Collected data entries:
• • • • • • •
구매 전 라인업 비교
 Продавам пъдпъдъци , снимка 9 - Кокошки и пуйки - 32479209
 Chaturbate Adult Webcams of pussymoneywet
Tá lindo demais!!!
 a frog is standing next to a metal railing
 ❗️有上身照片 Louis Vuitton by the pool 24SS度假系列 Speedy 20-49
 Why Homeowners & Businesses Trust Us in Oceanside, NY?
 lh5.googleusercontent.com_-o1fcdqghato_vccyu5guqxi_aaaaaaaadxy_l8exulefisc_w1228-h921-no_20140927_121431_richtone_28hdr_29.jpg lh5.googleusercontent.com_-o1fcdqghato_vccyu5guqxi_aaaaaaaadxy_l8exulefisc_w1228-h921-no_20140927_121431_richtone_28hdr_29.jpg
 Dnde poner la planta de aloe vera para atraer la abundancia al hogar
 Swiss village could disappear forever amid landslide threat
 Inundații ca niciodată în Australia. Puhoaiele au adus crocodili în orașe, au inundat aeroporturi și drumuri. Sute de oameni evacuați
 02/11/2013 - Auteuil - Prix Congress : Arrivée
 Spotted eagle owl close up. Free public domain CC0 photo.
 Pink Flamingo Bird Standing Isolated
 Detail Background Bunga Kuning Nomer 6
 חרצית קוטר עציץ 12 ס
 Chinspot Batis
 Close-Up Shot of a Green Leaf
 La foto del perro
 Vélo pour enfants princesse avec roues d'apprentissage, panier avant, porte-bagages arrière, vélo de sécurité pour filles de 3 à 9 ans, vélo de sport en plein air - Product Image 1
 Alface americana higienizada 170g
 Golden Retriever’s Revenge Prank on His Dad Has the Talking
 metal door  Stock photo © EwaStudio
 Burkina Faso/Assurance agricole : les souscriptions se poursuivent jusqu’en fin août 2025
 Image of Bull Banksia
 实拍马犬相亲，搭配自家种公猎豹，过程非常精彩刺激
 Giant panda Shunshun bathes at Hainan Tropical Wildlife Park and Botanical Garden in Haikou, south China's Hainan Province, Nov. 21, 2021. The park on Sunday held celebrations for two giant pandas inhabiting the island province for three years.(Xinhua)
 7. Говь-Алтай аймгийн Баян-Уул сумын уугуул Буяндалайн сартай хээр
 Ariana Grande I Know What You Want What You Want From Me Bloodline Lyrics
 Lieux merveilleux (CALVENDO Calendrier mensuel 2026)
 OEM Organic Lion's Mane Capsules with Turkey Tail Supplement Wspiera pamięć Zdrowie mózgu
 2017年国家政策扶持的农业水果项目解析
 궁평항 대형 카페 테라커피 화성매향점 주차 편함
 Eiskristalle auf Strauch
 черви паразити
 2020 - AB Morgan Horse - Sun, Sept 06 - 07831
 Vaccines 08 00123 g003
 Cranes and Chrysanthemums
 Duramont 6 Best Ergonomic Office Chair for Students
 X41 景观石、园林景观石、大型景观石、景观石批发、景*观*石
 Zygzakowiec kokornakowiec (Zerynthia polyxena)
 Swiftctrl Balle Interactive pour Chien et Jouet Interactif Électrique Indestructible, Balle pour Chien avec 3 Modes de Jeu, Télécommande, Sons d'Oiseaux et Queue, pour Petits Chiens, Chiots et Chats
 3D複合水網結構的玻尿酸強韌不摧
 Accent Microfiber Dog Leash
• • • • • • •
TASK GOAL: What is wanted is every line above, written out exactly.

SOLUTION BELOW:
구매 전 라인업 비교
 Продавам пъдпъдъци , снимка 9 - Кокошки и пуйки - 32479209
 Chaturbate Adult Webcams of pussymoneywet
Tá lindo demais!!!
 a frog is standing next to a metal railing
 ❗️有上身照片 Louis Vuitton by the pool 24SS度假系列 Speedy 20-49
 Why Homeowners & Businesses Trust Us in Oceanside, NY?
 lh5.googleusercontent.com_-o1fcdqghato_vccyu5guqxi_aaaaaaaadxy_l8exulefisc_w1228-h921-no_20140927_121431_richtone_28hdr_29.jpg lh5.googleusercontent.com_-o1fcdqghato_vccyu5guqxi_aaaaaaaadxy_l8exulefisc_w1228-h921-no_20140927_121431_richtone_28hdr_29.jpg
 Dnde poner la planta de aloe vera para atraer la abundancia al hogar
 Swiss village could disappear forever amid landslide threat
 Inundații ca niciodată în Australia. Puhoaiele au adus crocodili în orașe, au inundat aeroporturi și drumuri. Sute de oameni evacuați
 02/11/2013 - Auteuil - Prix Congress : Arrivée
 Spotted eagle owl close up. Free public domain CC0 photo.
 Pink Flamingo Bird Standing Isolated
 Detail Background Bunga Kuning Nomer 6
 חרצית קוטר עציץ 12 ס
 Chinspot Batis
 Close-Up Shot of a Green Leaf
 La foto del perro
 Vélo pour enfants princesse avec roues d'apprentissage, panier avant, porte-bagages arrière, vélo de sécurité pour filles de 3 à 9 ans, vélo de sport en plein air - Product Image 1
 Alface americana higienizada 170g
 Golden Retriever’s Revenge Prank on His Dad Has the Talking
 metal door  Stock photo © EwaStudio
 Burkina Faso/Assurance agricole : les souscriptions se poursuivent jusqu’en fin août 2025
 Image of Bull Banksia
 实拍马犬相亲，搭配自家种公猎豹，过程非常精彩刺激
 Giant panda Shunshun bathes at Hainan Tropical Wildlife Park and Botanical Garden in Haikou, south China's Hainan Province, Nov. 21, 2021. The park on Sunday held celebrations for two giant pandas inhabiting the island province for three years.(Xinhua)
 7. Говь-Алтай аймгийн Баян-Уул сумын уугуул Буяндалайн сартай хээр
 Ariana Grande I Know What You Want What You Want From Me Bloodline Lyrics
 Lieux merveilleux (CALVENDO Calendrier mensuel 2026)
 OEM Organic Lion's Mane Capsules with Turkey Tail Supplement Wspiera pamięć Zdrowie mózgu
 2017年国家政策扶持的农业水果项目解析
 궁평항 대형 카페 테라커피 화성매향점 주차 편함
 Eiskristalle auf Strauch
 черви паразити
 2020 - AB Morgan Horse - Sun, Sept 06 - 07831
 Vaccines 08 00123 g003
 Cranes and Chrysanthemums
 Duramont 6 Best Ergonomic Office Chair for Students
 X41 景观石、园林景观石、大型景观石、景观石批发、景*观*石
 Zygzakowiec kokornakowiec (Zerynthia polyxena)
 Swiftctrl Balle Interactive pour Chien et Jouet Interactif Électrique Indestructible, Balle pour Chien avec 3 Modes de Jeu, Télécommande, Sons d'Oiseaux et Queue, pour Petits Chiens, Chiots et Chats
 3D複合水網結構的玻尿酸強韌不摧
 Accent Microfiber Dog Leash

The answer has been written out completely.